Ah, I see ... so it has a double meaning. That's very clever! And quite impossible to translate...


----------



## Alxmrphi

sendintheclowns said:


> Ah, I see ... so it has a double meaning. That's very clever! And quite impossible to translate...



Hey! What's the double meaning?


----------



## sendintheclowns

Alxmrphi said:


> Hey! What's the double meaning?



Oh, that "altmuligmand" means jack of all trades (i.e. somebody who fixes things and takes care of stuff, or possibly somebody who dabbles in a lot of things, like art, music, cooking and geology for example), while "Alt Mulig Mand" could mean somebody for whom everything is possible. (Haven't seen the movie so I don't really know.) Maybe even "Everything's possible, man."


----------



## Alxmrphi

Ah, that's the answer I was looking for!! 
Thanks.

"The man that can do anything/everything" is how, I think it would be best put in English.


----------



## hanne

I think it was a plain error (splitting words that should be written in one is a common mistake), not an intended double meaning. I can't see "alt mulig mand" being intended to mean a man for whom everything is possible.


----------



## hanne

Well, I've seen the video (thanks for the PM Alex), and it does look like it's supposed to have the meaning of "everything's possible" (more instead of, than in addition to the handyman meaning, in my opinion).

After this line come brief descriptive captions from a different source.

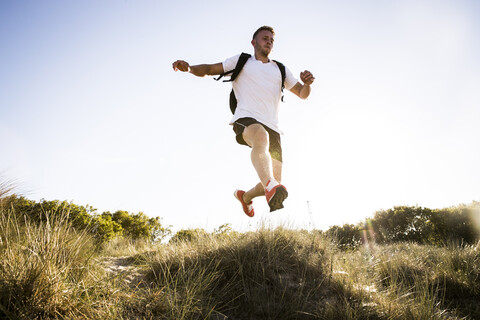 Junger Mann beim Training, Springen in der Luft von Sanddünen, lizenzfreies Stockfoto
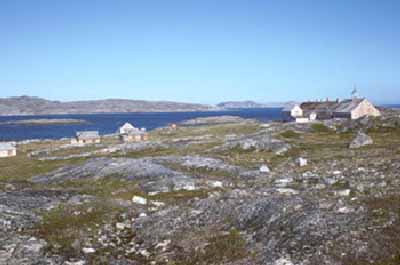 View of Hebron Mission in the distance, showing its isolated setting along the coast of Labrador, in proximity to the sea, 1994. © Parks Canada Agency / Agence Parcs Canada, I.K. MacNeil, 1994.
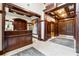 Condo lobby featuring wood trim, tile floors, a reception desk, artwork, and elevators at 77 Peachtree Ne Pl # 101, Atlanta, GA 30309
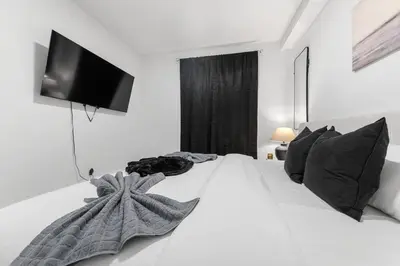 a bedroom with a white bed with a television on the wall at Modern 3 Bedroom 7 minutes to Manhattan in Jersey City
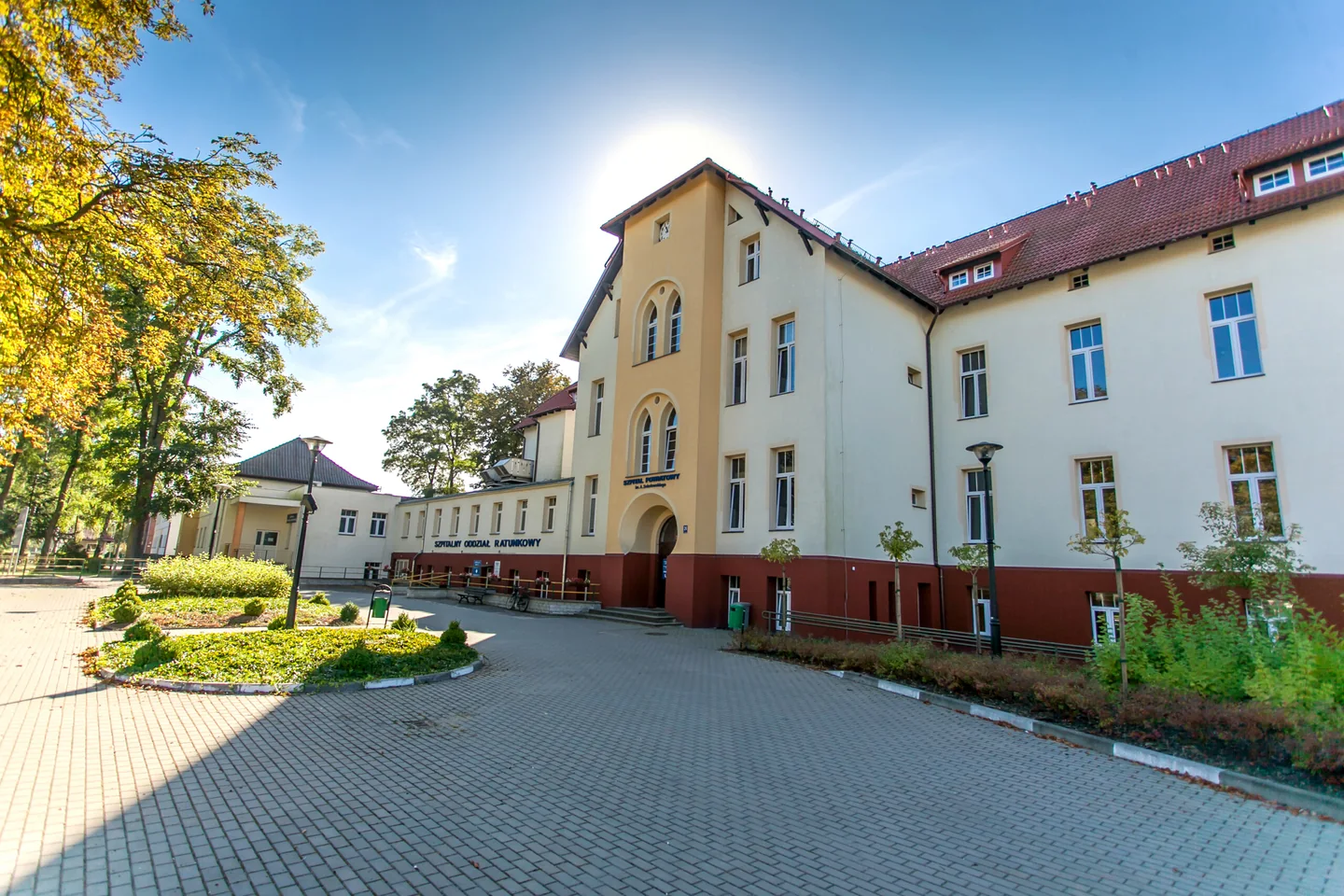 Zabudowania Szpitala Powiatowego w Złotowie przy ulicy Szpitalnej 28, z alejką i zielenią przed budynkiem.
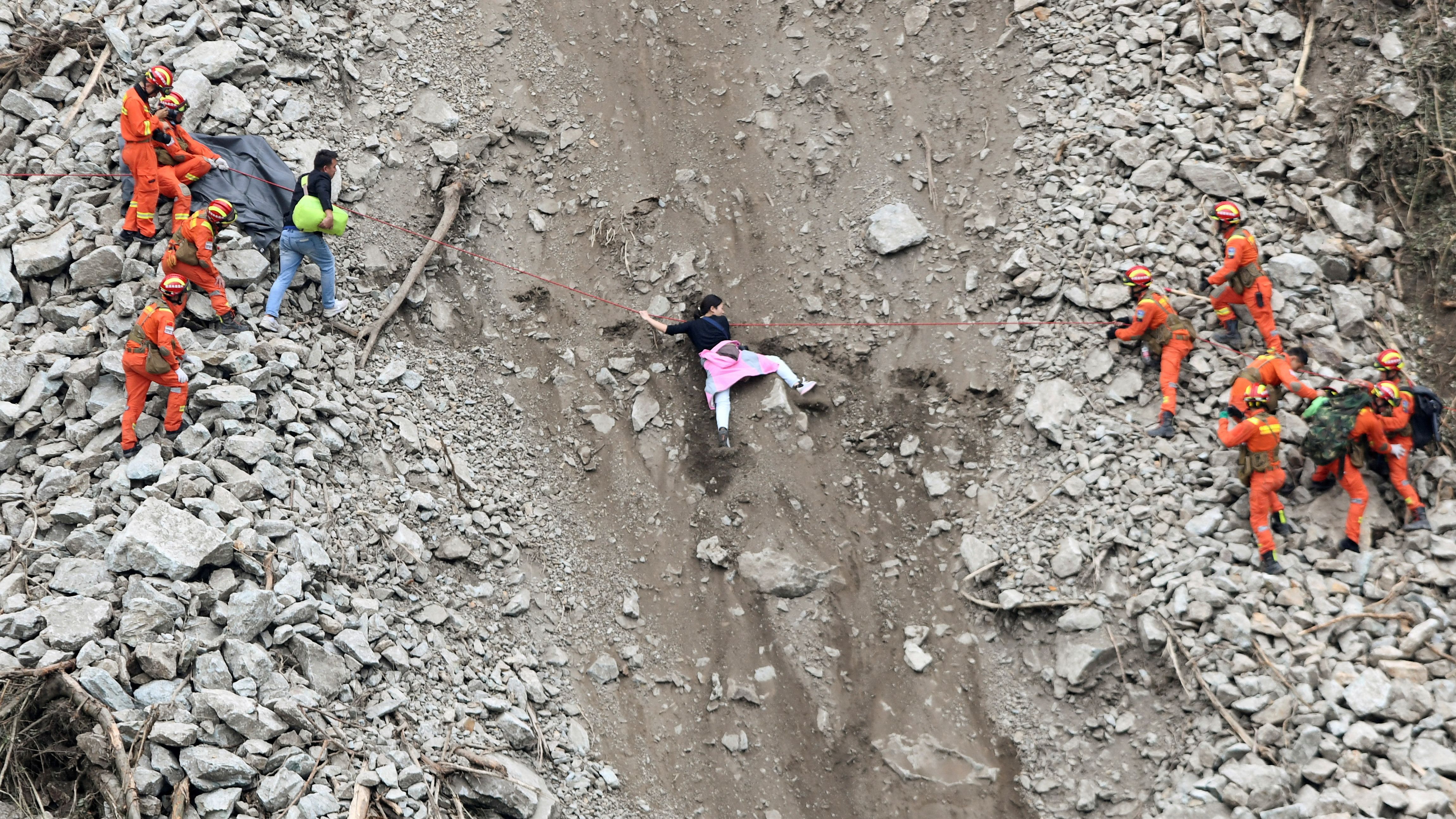 Rescue workers help people after <a href="https://www.cnn.com/2022/09/05/china/china-earthquake-sichuan-intl-hnk/index.html" target="_blank">an earthquake</a> caused a landslide near Moxi Town, China, on Tuesday, September 6.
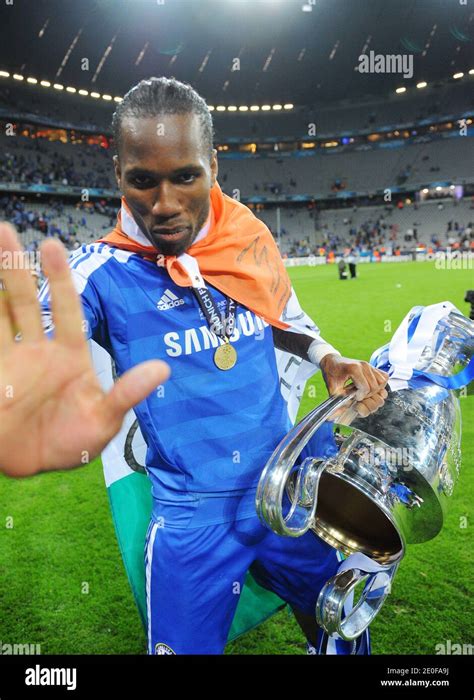 Chelseas Didier Drogba Celebrates With The Trophy During The Uefa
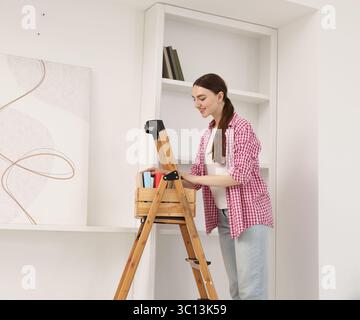 Frau, die zu Hause Bücher in Regale legt, indem sie Leiter benutzt Stockfoto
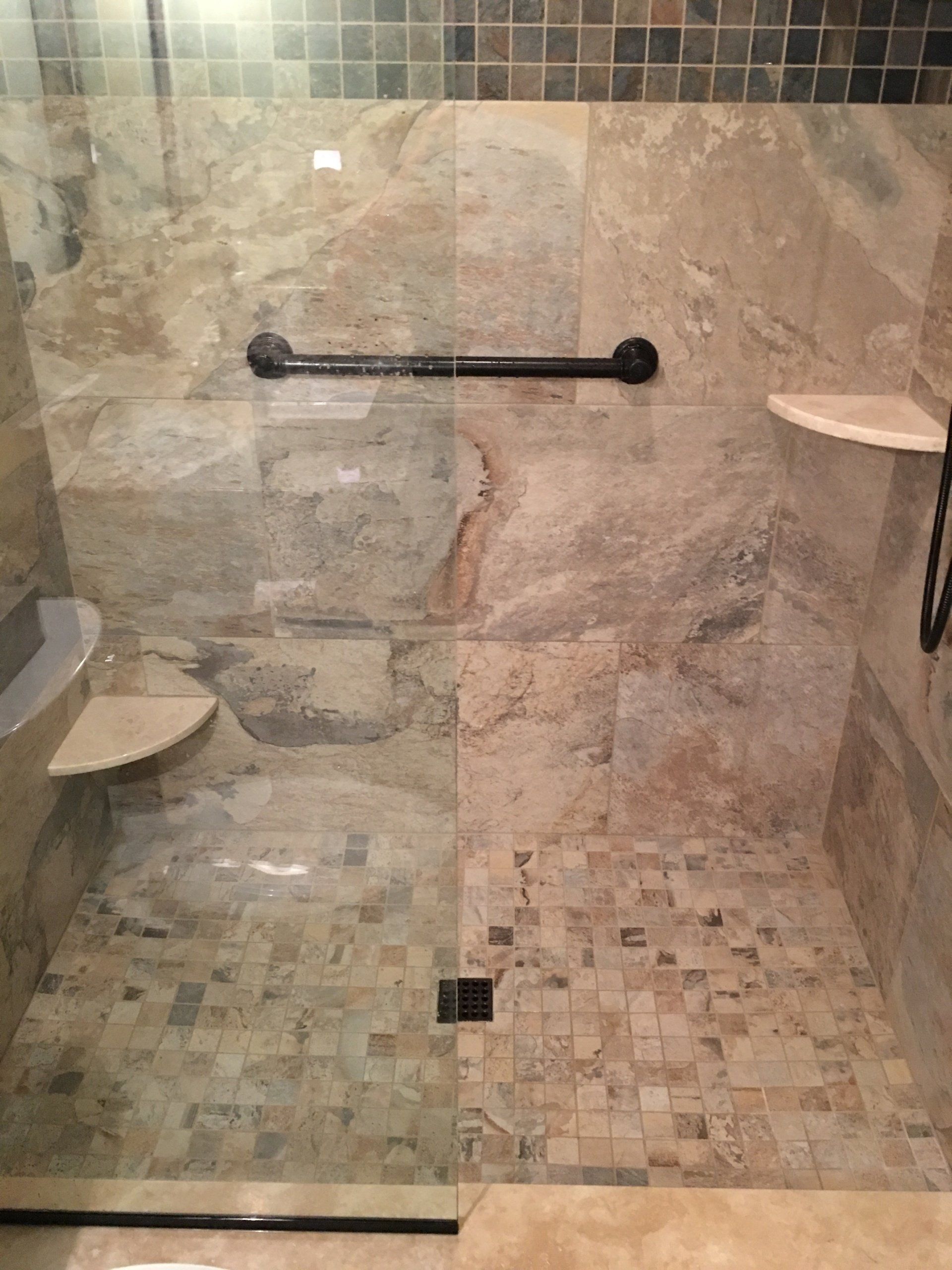 Shower with stone walls, glass door, grab bar, and small mosaic tile floor.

I still think it's an odd joke though, and I don't think a native speaker would have come up with it (the author of this story line is apparently Icelandic, so it's quite likely that his Danish wasn't native). To sound "right" in Danish, I think the word should have been "alt-er-muligt-manden" - leaving out the verb just sounds off to me. Then of course we'd lose the (probably intended?) play on altmuligmand.

I'm sure some other Dane will be around and offer another opinion in a while.


----------



## sendintheclowns

...and as I pointed out (I don't know why my message was deleted, it must have been the youtube link) the tombstone says: "Alt Mulig Mand. Hann var þúsundþjalasmiður." The subtext means "He was a jack of all trades" in Icelandic. So I'm also sure there was a double meaning there.


----------



## brikken

hanne said:


> I'm sure some other Dane will be around and offer another opinion in a while.



Okay, I'll do that. I see the double meaning in this, and I don't think it's completely off native language. I know it's incorrect to spell it in three words instead of one, but that's what you would classify under artistic freedom.

He's definitely an altmuligmand, with all the stuff he knows how to do. But considering all the events in the video, everything is possible with him around as well. So I give it a 98% native double meaning seal of approval


----------



## hanne

brikken said:


> Okay, I'll do that. I see the double meaning in this, and I don't think it's completely off native language. I know it's incorrect to spell it in three words instead of one, but that's what you would classify under artistic freedom.


It's not so much the spaces in the word that bother me, it's the lack of a -t and a verb. The desired meaning is "alt-er-muligt" - with the -t and -er- missing, I think the phrase becomes so ungrammatical that it loses sense.

I also don't really think he's an "altmuligmand" - that's usually more to do with practical (male) jobs in my book - fixing cars and building houses and the like, but not changing diapers .

I guess all of the connections are just too far-stretched for my taste.


----------



## NoMoreMrIceGuy

I can see the lack of the -t, but is the lack of a verb really make this phrase unnatural? Isn't there just a subtle difference?

Alt er muligt mand/Everything is possible man, meaning no task is unperformable by this man.

Alt muligt mand/Everything perceivable man, meaning the guy can take every perceivable role.

At least when I translate it into Icelandic my brain is seeing a clear difference between the two ways I've written it.


----------



## swellbox

Alxmrphi said:


> Hi,
> 
> There's a video I'm watching, in Icelandic, but the title is in Danish and it is "Alt Mulig Mand", a funny video, in a sort of weird-superhero kind of thing, but not really. His superpowers include knitting lopapeysur, catching fish, changing babies, fixing cars, etc. Anyway, all I can read is "Everything possible man", but I know often Germanic compounds come into English as sounding quite odd, and we have a completely different way to express it.
> 
> So, I'm looking to see if there is a better translation anyone might be able to think of.
> 
> Alx



The only correct form of the Danish word is "altmuligmand" ( in one word), and the corresponding English term is "factotum".


----------



## swellbox

Icelanders would probably say "handyman"


----------



## Alxmrphi

swellbox said:


> The only correct form of the Danish word is "altmuligmand" ( in one word), and the corresponding English term is "factotum".



Never heard _factotum_ in my life


----------